Oh, yes, he's been waiting for that name to come up. "She isn't here, Ruth."

"She's everywhere. You put her… face into the walls."

"Just on the television. And your face too. Do you remember that part?"

Justine has returned with the coffee, hovering awkwardly on the threshold of the kitchen. "Uh," she manages.

"You can come in," he says. "And you can stay, if you want. It's just going to be this. At least for a while."

She nods, putting down the coffee to fetch cushions, a throw blanket. For him, he realises. So he can sit more comfortably at Ruth's side.

"Thanks."

She nods again, takes a gulping breath and scooches to take up station at the other arm of the sofa. How fucking weird this must look. There's two feet of clear space between them. That's where his life is right now; one of the few people left in it that actually seems to understand him catatonic on his sofa, and his own flesh and blood awkwardly crouched just out of touching distance. For which he has no one to blame but himself. Jesus fuck.

"You've… done this a lot?" Justine asks.

He sighs. It's get to know your Daddy time. "No. I generally prefer to be the one on the sofa. And, truthfully, acid was never my thing. Too messy. Blow was so much better."

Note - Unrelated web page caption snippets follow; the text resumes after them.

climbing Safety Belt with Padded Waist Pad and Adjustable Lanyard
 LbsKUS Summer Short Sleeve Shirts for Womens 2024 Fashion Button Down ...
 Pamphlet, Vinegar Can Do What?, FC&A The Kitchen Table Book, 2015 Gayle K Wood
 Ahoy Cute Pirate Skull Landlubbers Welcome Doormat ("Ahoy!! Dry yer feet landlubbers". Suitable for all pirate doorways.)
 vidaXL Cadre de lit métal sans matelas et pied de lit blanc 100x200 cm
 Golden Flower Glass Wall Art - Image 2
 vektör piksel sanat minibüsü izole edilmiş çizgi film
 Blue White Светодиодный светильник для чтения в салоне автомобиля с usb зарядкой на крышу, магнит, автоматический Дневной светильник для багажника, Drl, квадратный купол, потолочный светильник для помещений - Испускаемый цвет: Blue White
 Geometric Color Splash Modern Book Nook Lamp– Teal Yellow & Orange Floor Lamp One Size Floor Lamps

She gives him a lopsided look. "So, if I'm going to try one…?"

"What, you want me to say I'll ground you? Suspend your allowance?" He shrugs. "You want to know where that road leads, look around you. Being high led to almost every one of the shitty decisions that got me here. You're an adult. You can make your own choices. Just, stay away from smack. That shit brings nothing but grief."

She nods. "I'll bear that in mind."

The texture of the silence has changed. Less awkward now. Thank fuck. "What were you doing breaking curfew, anyway?" he tries.

"We weren't. We just went for a few beers. And then this happened."

"Right."

She shrugs, not caring for his scepticism. "What were you doing?"

"Writing."

"A new film?"

He shakes his head. "I've been thinking about some behind the scenes segments for the first season. Help the audience get to know the characters."

"Like, location shooting?"

"Yeah. You want to help with that?"

Another shrug, poorly played off as ambivalence. "Maybe."

He smiles inwardly, knowing she's in. For now, that's more than enough.


She can smell cigarette smoke. And the world is dark behind closed eyes again.

"Where am I?" she says.

"You know that's a cliché."

She opens her eyes. The world looks normal enough, edges of the furniture reassuringly solid; no more trailing blur when she moves her head. She pushes herself up onto her elbows. "What?"

"No one really says that if they don't actually know. Trust me. They go straight to the screaming panic."

She makes an indignant sort of noise. "I guess the smell was familiar," she returns.

He merely takes another drag in response. "How do you feel?"

"Tired. Headachey. More sane."

"You got spiked."

"Apparently." She finds a sitting position, working out the kinks in her spine from sleeping on the sofa.

"Do you remember it?"

"It's kind of a blur…" Certainly the first part. Later she remembers him talking – reading something maybe. She can't remember the words but she knows it was his voice. You stayed up with me, she doesn't say.

"Yeah. Try and keep it that way if I was you." He looks her up and down. "You wanna go get breakfast?"

Oh, I couldn't put you to that trouble. That's what she should say. The words are right there on the tip of her tongue. But really, how much more trouble is breakfast after a night talking her down from crawling terror?

"Yeah," she says. She can practically taste the bacon already. "Actually, that'd be great."